Task prompt —
For the listing below, print exactly the lines from the line with "2006 SP Legendary" to the line with "Cotton and Linen Jersey Polo", both included, and nothing beyond them.
══ Provided records ══
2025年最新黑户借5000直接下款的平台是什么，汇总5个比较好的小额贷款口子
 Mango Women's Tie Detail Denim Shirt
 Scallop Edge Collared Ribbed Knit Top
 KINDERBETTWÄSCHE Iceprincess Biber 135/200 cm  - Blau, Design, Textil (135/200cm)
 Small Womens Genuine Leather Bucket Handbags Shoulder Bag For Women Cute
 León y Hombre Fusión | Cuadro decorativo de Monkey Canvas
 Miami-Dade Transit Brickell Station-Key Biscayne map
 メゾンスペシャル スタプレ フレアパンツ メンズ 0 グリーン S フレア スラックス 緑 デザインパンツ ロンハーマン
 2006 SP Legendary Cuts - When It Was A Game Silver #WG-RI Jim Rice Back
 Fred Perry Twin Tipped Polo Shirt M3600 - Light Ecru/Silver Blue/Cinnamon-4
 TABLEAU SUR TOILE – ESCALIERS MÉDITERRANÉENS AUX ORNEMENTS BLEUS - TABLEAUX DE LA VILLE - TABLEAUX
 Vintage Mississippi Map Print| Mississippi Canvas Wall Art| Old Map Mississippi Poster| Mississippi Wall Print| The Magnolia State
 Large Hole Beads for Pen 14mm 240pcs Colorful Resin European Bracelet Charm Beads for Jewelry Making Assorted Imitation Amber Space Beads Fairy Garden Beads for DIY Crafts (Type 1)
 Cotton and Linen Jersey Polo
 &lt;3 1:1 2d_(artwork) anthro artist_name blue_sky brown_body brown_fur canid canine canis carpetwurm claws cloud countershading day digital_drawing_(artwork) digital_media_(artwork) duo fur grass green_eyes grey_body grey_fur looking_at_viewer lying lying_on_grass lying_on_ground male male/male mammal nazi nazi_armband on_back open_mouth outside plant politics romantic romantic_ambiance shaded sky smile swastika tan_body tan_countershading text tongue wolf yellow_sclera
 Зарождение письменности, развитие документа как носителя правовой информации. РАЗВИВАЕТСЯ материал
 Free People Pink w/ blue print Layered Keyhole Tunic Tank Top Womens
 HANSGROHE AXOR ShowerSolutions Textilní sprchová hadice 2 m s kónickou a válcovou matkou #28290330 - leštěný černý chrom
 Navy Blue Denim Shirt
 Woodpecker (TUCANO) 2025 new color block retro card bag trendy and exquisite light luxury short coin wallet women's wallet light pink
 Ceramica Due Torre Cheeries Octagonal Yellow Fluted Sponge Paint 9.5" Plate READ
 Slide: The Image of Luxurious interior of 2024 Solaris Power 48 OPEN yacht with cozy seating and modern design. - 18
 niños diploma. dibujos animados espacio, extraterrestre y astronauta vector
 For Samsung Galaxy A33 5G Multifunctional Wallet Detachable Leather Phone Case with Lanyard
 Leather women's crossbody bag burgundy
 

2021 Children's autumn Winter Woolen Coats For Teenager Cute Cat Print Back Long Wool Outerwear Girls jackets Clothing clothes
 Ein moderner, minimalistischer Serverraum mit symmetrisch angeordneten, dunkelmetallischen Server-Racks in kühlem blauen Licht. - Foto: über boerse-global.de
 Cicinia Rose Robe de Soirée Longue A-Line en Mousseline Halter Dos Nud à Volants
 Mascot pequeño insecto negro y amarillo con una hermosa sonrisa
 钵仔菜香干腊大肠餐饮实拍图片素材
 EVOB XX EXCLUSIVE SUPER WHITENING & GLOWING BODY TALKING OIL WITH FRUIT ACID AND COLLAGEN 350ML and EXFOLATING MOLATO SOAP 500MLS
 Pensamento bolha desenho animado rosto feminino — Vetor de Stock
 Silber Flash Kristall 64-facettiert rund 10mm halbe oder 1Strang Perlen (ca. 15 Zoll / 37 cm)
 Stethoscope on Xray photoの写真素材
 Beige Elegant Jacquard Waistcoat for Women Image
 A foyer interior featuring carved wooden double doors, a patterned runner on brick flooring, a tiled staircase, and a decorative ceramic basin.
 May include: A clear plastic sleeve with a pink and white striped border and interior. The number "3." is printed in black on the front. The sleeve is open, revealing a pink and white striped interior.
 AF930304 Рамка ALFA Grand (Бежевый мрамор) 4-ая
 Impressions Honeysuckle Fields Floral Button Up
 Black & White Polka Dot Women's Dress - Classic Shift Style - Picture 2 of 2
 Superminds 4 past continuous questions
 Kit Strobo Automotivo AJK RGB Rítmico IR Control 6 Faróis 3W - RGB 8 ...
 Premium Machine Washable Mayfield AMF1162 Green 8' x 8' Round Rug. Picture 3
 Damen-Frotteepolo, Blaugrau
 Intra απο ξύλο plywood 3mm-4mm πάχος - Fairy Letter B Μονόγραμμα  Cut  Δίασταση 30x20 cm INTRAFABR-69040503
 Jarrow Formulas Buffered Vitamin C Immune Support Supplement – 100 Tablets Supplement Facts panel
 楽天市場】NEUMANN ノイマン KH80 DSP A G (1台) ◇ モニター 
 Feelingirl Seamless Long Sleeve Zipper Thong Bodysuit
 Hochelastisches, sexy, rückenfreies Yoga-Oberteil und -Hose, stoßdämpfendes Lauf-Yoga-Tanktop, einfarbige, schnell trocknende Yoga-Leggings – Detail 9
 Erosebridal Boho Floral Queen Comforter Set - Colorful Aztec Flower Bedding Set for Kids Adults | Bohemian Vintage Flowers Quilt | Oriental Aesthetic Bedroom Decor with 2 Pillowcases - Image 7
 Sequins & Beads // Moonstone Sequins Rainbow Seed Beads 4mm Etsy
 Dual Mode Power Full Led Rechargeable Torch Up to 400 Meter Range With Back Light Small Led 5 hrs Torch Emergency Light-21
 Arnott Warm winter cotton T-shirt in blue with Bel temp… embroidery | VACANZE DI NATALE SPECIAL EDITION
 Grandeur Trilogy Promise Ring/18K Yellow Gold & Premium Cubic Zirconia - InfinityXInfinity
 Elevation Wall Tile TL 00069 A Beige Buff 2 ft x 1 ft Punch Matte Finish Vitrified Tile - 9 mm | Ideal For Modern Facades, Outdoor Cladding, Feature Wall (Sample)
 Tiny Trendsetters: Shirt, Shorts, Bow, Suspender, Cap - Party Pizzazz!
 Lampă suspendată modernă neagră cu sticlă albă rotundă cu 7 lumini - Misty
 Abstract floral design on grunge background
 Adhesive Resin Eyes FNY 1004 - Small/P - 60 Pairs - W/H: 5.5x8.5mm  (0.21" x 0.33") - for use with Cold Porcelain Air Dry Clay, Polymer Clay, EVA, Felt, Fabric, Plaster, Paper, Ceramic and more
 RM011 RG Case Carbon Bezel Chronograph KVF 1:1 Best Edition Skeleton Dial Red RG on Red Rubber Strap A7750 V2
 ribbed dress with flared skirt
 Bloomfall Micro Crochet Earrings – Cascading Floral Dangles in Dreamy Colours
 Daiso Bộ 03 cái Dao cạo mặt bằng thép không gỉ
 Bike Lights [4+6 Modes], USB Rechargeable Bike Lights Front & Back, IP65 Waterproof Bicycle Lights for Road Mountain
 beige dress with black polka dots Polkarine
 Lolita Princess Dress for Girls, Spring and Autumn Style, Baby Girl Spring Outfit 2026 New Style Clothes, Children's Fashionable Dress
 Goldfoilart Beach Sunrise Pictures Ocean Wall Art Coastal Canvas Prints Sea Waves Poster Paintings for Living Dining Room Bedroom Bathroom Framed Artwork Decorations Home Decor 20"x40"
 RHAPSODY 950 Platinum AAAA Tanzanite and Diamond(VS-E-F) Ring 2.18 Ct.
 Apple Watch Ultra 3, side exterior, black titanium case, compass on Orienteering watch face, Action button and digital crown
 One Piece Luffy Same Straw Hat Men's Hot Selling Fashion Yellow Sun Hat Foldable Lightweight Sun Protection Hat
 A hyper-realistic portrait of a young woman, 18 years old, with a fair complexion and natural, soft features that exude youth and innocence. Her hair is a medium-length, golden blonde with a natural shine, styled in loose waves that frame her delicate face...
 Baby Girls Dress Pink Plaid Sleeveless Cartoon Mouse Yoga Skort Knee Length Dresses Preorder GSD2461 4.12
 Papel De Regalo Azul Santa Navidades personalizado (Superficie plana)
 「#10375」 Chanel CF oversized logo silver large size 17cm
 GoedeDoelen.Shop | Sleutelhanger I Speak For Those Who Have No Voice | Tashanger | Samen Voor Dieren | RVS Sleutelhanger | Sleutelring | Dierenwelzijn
═══
Your response —
 2006 SP Legendary Cuts - When It Was A Game Silver #WG-RI Jim Rice Back
 Fred Perry Twin Tipped Polo Shirt M3600 - Light Ecru/Silver Blue/Cinnamon-4
 TABLEAU SUR TOILE – ESCALIERS MÉDITERRANÉENS AUX ORNEMENTS BLEUS - TABLEAUX DE LA VILLE - TABLEAUX
 Vintage Mississippi Map Print| Mississippi Canvas Wall Art| Old Map Mississippi Poster| Mississippi Wall Print| The Magnolia State
 Large Hole Beads for Pen 14mm 240pcs Colorful Resin European Bracelet Charm Beads for Jewelry Making Assorted Imitation Amber Space Beads Fairy Garden Beads for DIY Crafts (Type 1)
 Cotton and Linen Jersey Polo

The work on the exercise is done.